A voice crying in the wilderness

Posts tagged ‘Commodore 64’

The High Voltage Graphics Collection

Cross posted from Chrome

The High Voltage SID Collection has been around for some time, collecting every known example of Commodore 64 music and audio regardless of how obscure or uncooperative the original file might be.

A new Facepalm Headesk page, the High Voltage Graphics Collection, has been created to collect some of the more unique and outstanding examples of Commodore 64 graphics – clever coding and design has gone far beyond the hardware limitations of the original system permitting new psuedo-graphics modes such as switching between low resolution colour bitmaps and high resolution on alternate frames, using software manipulation of the colour palette to alter the colour map each display line, theoretically permitting up to four unique colours for every 8 by 1 group of pixels and changing the bitmap pointers on the fly to allow high scrolling bitmaps far beyond what the machine should be able to display.

Technical jiggery-pokery and programming tricks aside, art should always be about the design, passion and creative skills of the artist.

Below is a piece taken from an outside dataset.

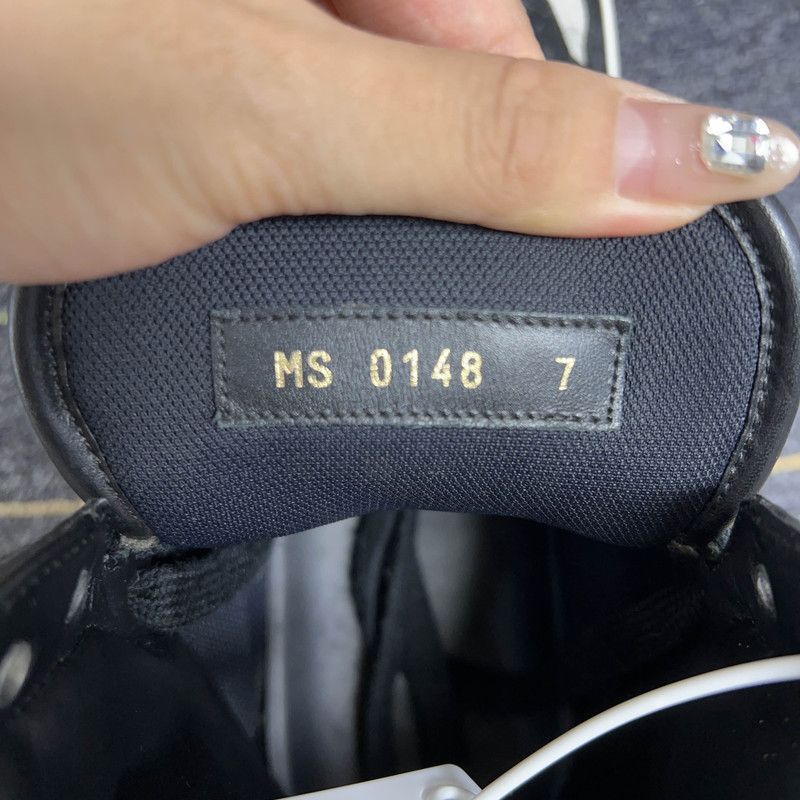 Louis Vuitton Louis Vuitton Rivoli Stylish High-Top Sneakers 0079 Size US 8 / EU 41 - 5 Thumbnail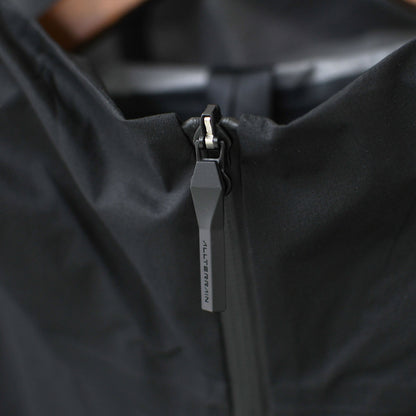 DESCENTE ALLTERRAIN [デサントオルテライン] LIGHTWEIGHT SHELL JACKET [DU5SWBA3M] ライトウェイトシェルジャケット・ナイロンジャケット・耐水性・透湿性・はっ水・防風・軽量・MEN'S [2025SS]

A sore point for many artists and admirers in recent years has been the tendency to rely on the software of more modern systems to create the initial design and that convert the completed image to the C64 afterwards – it is no longer about the artists ability to create fine art in a restricted environment, but more about the technical wizardry that permits the artwork to be adapted. When someone has spent days, weeks and months creating an image pixel by pixel only to be beaten in a competition by someone who has submitted an image that is clearly a photograph or scanned image transferred from another system, one can forgive them for questioning why they continue in their field.

The same could be thought of someone spending ages developing a music player and editor that permits a composer and arranger to painstakingly recreate a complex and detailed melody utilising all the unique characteristics of the Commodore unique sound system only to be outclassed by someone who has simply sampled and looped an existing song.

So have a view of the art on display and support the artist, even if you don’t always like their work or understand what they have endeavoured to achieve.